[[ Supplied data, beginning ]]

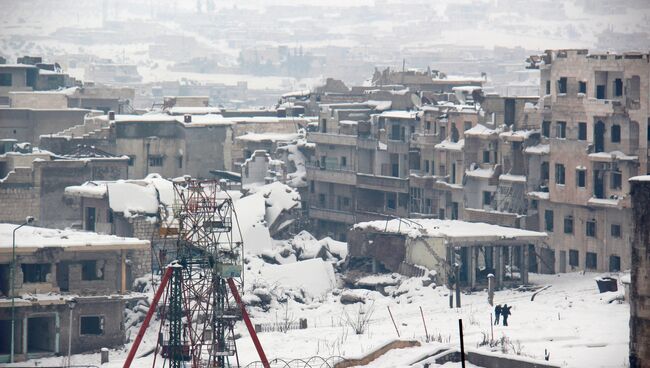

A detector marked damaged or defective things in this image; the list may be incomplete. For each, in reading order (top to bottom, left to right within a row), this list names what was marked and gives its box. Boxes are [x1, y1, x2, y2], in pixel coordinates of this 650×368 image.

broken window [21, 264, 50, 284]
broken window [82, 260, 105, 280]
damaged building [0, 224, 148, 362]
broken window [79, 314, 104, 334]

[[ Supplied data, end ]]

Work required —
Output the whole listing exactly. Pictures stay out.

Response to the task —
A detector marked damaged or defective things in this image; the list may be incomplete. For each, in reading order (top to bottom, left to right within a row), this list names what was marked and gives its box. Boxes are [x1, y1, x2, y2], in pixel coordinates of this 650×368 image.

broken window [21, 264, 50, 284]
broken window [82, 260, 105, 280]
damaged building [0, 224, 148, 362]
broken window [79, 314, 104, 334]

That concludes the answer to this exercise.